KedaiPena.Com – Pengamat politik dari Puspol Indonesia Ubedillah Badrun mempertanyakan etika Setya Novanto sebagai pejabat publik saat menghadiri acara parade kebhinekaan Indonesia yang di gelar tempo hari.
“Karena itu wilayah sensitif yang harusnya Novanto peka. Tapi, nampaknya dia tidak mengindahkan hal-hal sensitif terkait situasi politik dan sosial. Dia tidak peka terhadap aturan gubernur (yang melarang Car Free Day dipakai untuk sarana berpolitik),” tegas dia saat dihubungi KedaiPena.Com di Jakarta, Rabu (7/12)‎.
Oleh karenanya, sambung dia, sikap Setnov, sapaan Setya Novanto, secara etika politik patut dipertanyakan. Karena ada indikasi pelanggaran etik karena terkesan mengabaikan peraturan yang berlaku.
Menurut akademisi Universitas Negeri Jakarta ini, sangat penting mempertanyakan kapasitas dan pemahaman Setya Novanto terkait etika, ditengah berbagai kontroversi yang dimilikinya.

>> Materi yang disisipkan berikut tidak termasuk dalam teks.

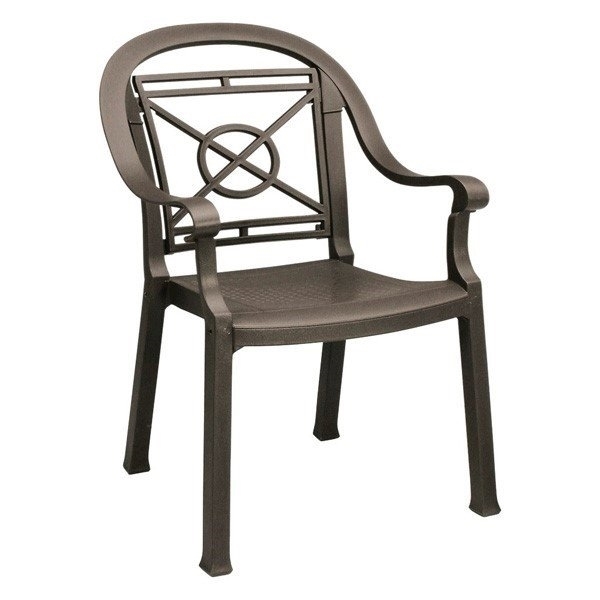 Victoria Classic Plastic Resin Stacking Armchair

“Track record Setnov memang tersangkut sejumlah masalah, dari kehadiranya bertemu Trump saat sebelum pilpres AS, komunikasinya dengan elit Freeport terkait saham dan seterusnya. Ini adalah fakta yang cukup untuk meragukan kemampuan pemahaman dan kepekaanya pada etika politik,” ujar dia.
Dan, kata dia, sekelas ketua partai dan ketua parlemen selayaknya tidak perlu hadir di sebuah acara yang justru kontraproduktif dengan apa yang sudah dilakukan Presiden Jokowi dan Wapres JK yang hadir dalam aksi superdamai 212.
“Secara hak warga negara Setya Novanto sah-sah saja hadir, tetapi pada diri Setya Novanto itu melekat dua posisi penting yaitu Ketua DPR RI dan Ketua umum Partai Golkar, oleh karenanya Setya Novanto nampaknya kurang sensitif dalam membaca dinamika politik. Apalagi jika perkara bendera partainya yang dihadirkan di acara tersebut menuai persoalan hukum. Tentu itu memprihatinkan,” tandas dia.